The selection of Evans & Evans, Inc. as valuator was made by the Special Committee. The board of directors of Yalian, upon consultation with its financial and legal advisors and following receipt of a recommendation of the Special Committee, has (with the exception of Mr. Yu and Ms. Xia Xu who is a Supporting Shareholder, each of whom have abstained from voting) unanimously accepted the Special Committee's recommendation and determined that the Offer is fair, from a financial point of view, to the shareholders of Yalian and is in the best interests of Yalian and the shareholders of Yalian. Accordingly, the board has unanimously approved the Support Agreement and the recommendation that shareholders of Yalian (other than Offeror and its associates and affiliates including Mr. Yu) accept the Offer.

Concurrently with the execution of the Support Agreement, the directors and officers of Yalian entered into lock-up agreements with the Offeror pursuant to which they have agreed to deposit all Yalian shares under the Offer. The locked up shareholders own, in the aggregate 2,957,500 Yalian shares, representing approximately 3.0% of the Yalian shares on a fully diluted basis.

The Offer will be made in the form of a take-over bid. The Support Agreement also contains customary non-solicitation covenants and Yalian has reserved the right to respond to superior proposals if certain conditions are met, subject to the Offeror's right to match any such superior proposal.

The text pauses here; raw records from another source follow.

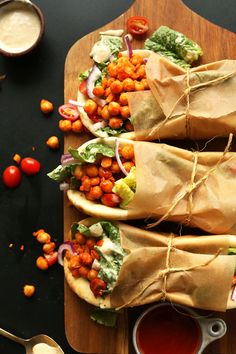 three wraps filled with vegetables and garnishes on a cutting board next to dipping sauce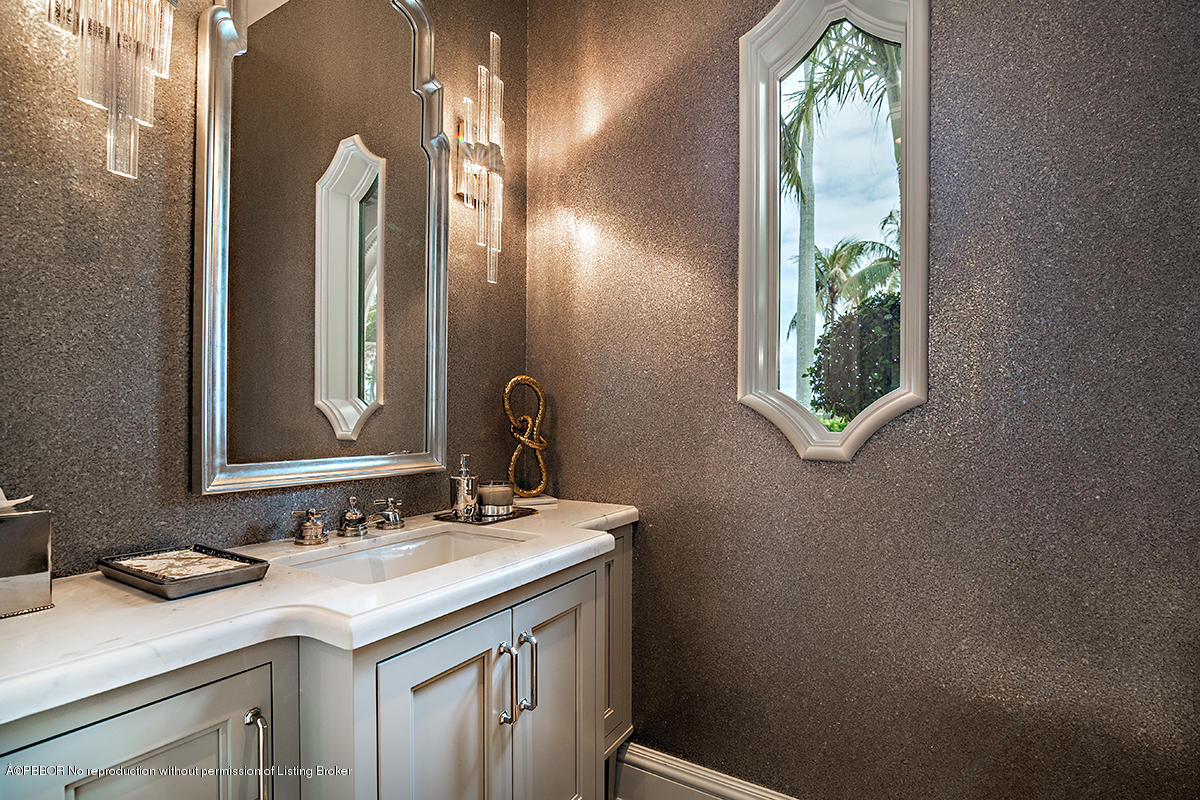 8 Golfview Road Palm Beach, FL 33480 - Photo 20 of 61 a bathroom with a sink and a mirror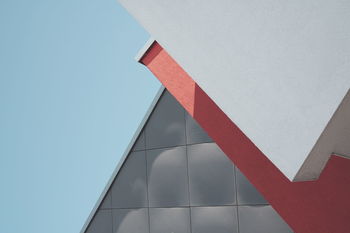 LOW ANGLE VIEW OF RED BUILDING AGAINST CLEAR SKY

The Offer will be subject to customary conditions. The full and important details of the Offer will be included in the formal offer and takeover bid circular, which is expected to be mailed to shareholders in the next 10 days, together with a directors' circular which will set out the board of director's unanimous recommendations that shareholders accept the Offer. Once mailed, the take-over bid circular and the directors' circular will be available on SEDAR at www.sedar.com.

About the Offeror

0957703 B.C. Ltd. is a newly incorporated British Columbia corporation that is wholly-owned by Mr. Xin Duo Yu and was incorporated for the purposes of being the bid vehicle in the Offer.

About Mr. Yu

Mr. Xin Duo Yu is a director and the chairman of the board of Yalian Steel Corporation and the owner of (together with associates and affiliates) of 14.74% of the issued and outstanding share capital of Yalian Steel Corporation. Mr. Yu is a successful entrepreneur with extensive experience in building businesses in China. He is the founder, Chief Executive Officer and a director of Hanfeng Evergreen Inc., a China-based, TSX listed company. Under his leadership, Hanfeng has grown from a small nursery and landscaping company into China's largest producer of slow and controller release fertilizers with domestic production facilities in four provinces and new facilities being constructed in Indonesia. His understanding of both the China business landscape and the Canadian capital markets has established Hanfeng as one of the most respected China-based, TSX listed companies. Mr. Yu has lent his expertise to other successful China - based TSX issuers such as Hanwei Energy Services, a growing manufacturer of high qualitly products for China's oil and gas, coal, and wind power industries, where he served as a founding director from November 2005 to May 2008. Prior to his business career, Mr. Yu was a government official.

About Yalian

Yalian Steel Corporation is a British Columbia corporation focused on the production of high quality Longitudinally Submerged Arc Welded (LSAW) steel pipe to service Asia's rapidly growing energy transportation infrastructure market. Yalian has recently completed construction of its initial manufacturing facility in city of Yangzhou, in the Jiangsu province of China. Yalian's production line has a rated capacity of up to 200,000 metric tons per year, depending on product and mix specifications. The Yangzhou Yalian plant utilizes the JCOE (J- ing, C-ing, O-ing, Expanding) process, an advanced method of LSAW pipe production that involves the bending and shaping of X-70 and higher grade steel. Yalian's Yangzhou plant also has an anti-corrosion line to provide external and internal 3PE, 3PP, FBE/DFBE coating service with annual capacity of 2,500,000 square meters for external coating products and 2,000,000 square meters for internal coating products.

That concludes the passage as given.